Saved data entries:
★ ★ ★

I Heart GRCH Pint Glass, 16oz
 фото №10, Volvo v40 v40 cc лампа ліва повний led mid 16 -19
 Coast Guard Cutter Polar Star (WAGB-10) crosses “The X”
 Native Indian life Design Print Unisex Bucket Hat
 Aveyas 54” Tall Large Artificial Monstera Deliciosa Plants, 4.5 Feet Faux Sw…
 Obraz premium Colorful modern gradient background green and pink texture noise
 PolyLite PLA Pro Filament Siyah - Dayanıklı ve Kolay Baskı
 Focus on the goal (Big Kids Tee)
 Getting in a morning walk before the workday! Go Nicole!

★ ★ ★

## What you have to do
Can you quote exactly the lines from the one containing "Native Indian life" through the last line of the records above, and nothing else?

## Expected output
 Native Indian life Design Print Unisex Bucket Hat
 Aveyas 54” Tall Large Artificial Monstera Deliciosa Plants, 4.5 Feet Faux Sw…
 Obraz premium Colorful modern gradient background green and pink texture noise
 PolyLite PLA Pro Filament Siyah - Dayanıklı ve Kolay Baskı
 Focus on the goal (Big Kids Tee)
 Getting in a morning walk before the workday! Go Nicole!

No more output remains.